A man who used multiple identities to claim more than $120,000 in unemployment benefits was sentenced to three years' jail yesterday in what was described as one of the most sophisticated cases of social security fraud in Australia [ url].

A former National Australia Bank employee who was a chronic gambler was sentenced to five years' jail yesterday for stealing more than $1 million from the bank. [url]

a young man was recently sentenced in the County Court of Victoria to five years’ imprisonment, and ordered to pay the Commonwealth government about half a million dollars as a result of an identity fraud scam [url]

Posted by: Geoff at August 22, 2003 at 11:44 AM

In each of the above three cases, the money was appropriated for direct personal financial gain. The Hanson funds were not appropriated for direct personal financial gain. There is a clear distinction to be made between the first three and the latter.

The irony of this case - and the cause of the community outrage it has brought about - is that while the crime has been dealt with severely by the judiciary because it is democracy that has been injured; it is that same democracy that is daily under threat by the very same judiciary which in many cases has taken upon itself the right to create law.

Posted by: ilibcc at August 22, 2003 at 12:11 PM

Looks like "payback" is alive & well even in our society.Anyone else want to try another "One Nation " act.Pauline must be really naive is she really thought they wouldnt make her pay for it.

Posted by: mike at August 22, 2003 at 03:20 PM

The judgement cites that Pauline Hanson was found guilty of the charges of "dishonestly induced the Electoral Commissioner of Queensland to register Pauline Hanson's One Nation as a political party" and also that she "dishonestly obtained a cheque in the sum of $225,071.07 from the Electoral Commissioner [and] dishonestly obtained the cheque in the sum of $273,566.24 from the Electoral Commissioner".

How much time do you think is appropriate for being guilty of the above? I think the judge got it right, but time shall tell.
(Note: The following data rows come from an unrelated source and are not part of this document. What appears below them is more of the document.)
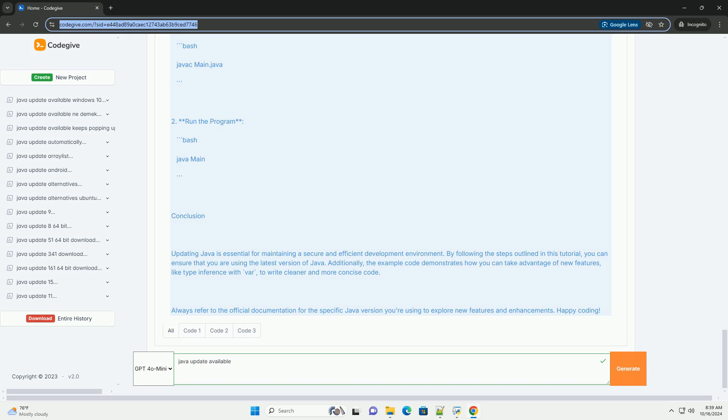Running the program: Compile the program. Save the code in a file called main.java, then compile it. Run the program.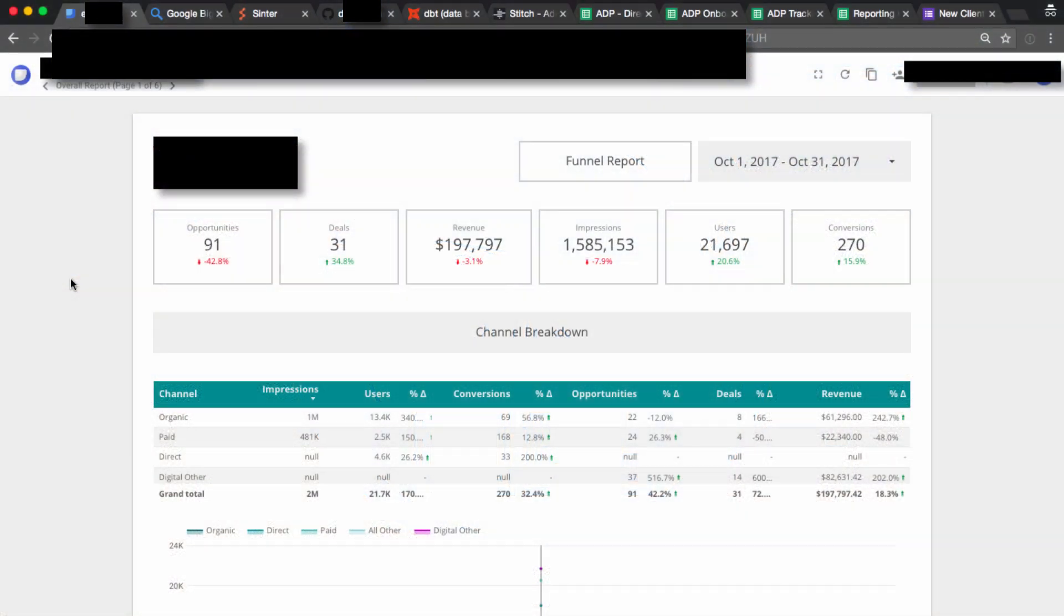I'm going to see if I can walk through this entire agency data pipeline process in less than two minutes. So all the tabs that we see open here at the top are different tools that encompass the data pipelining process for a digital agency.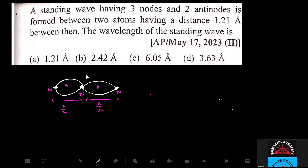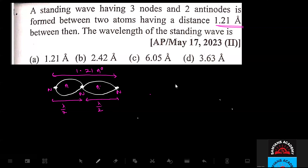The total distance of 1.21 angstroms spans across the three nodes. So the total distance equals lambda by 2 plus lambda by 2 plus lambda by 2, which gives us 1.21 angstroms equal to lambda by 2 plus lambda by 2.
True, there was no direct personal gain of the $500,000. But the judgement says that the "benefit was that [Hanson] continued to control the allocation ... of the electoral funding and how the Party was run", as well as the effect of such fuding on the chances of One Nation candidates in the 1998 election. So Hanson got some indirect benefit from the money.

Anyway, I'm not sure how much of a factor "personal gain" played in the sentencing. Fraudulently obtaining more than $500,000 (for yourself, or your organization) should carry a stiff penalty (the judgement mentions that the "two charges of fraud with a circumstance of aggravation ... carry a maximum of 10 years' imprisonment"). And it seems that 3 years is not out of proportion with other sentences for similar fraud cases. I've got no problems with Hanson's sentence here.

The only question mark is on the three years handed down for the first count (dishonestly inducing the Electoral Commissioner).

The judgement cites three other cases of electoral fraud, as precedent that "the range in respect of count one is, in effect, three to five years."

In the first case, Karen Ehrmann got three years for branch-stacking (I think) a few years ago, but this sentence was reduced for a number of reasons (guilty plea, assisting police, having a young child, I think). Hanson & Ettridge showed no remorse (probably why they were not called to given evidence, I suppose), so there's not much scope for the judge to show leniency there.

The second case, Di Fingleton, got 1 year for threatening a judicial witness.

I'm not aware of the details of the third case.

So Hanson & Ettridge getting three years for tricking the Electoral Commissioner may seem harsh, but given the Ehrmann precedent, perhaps it is in proportion.

Hanson is serving 3 years for the dishonestly obtaining $500,00 anyway, so reducing the sentence for this count would not have changed her situation. But David Ettridge could perhaps feel has has been harshly judged.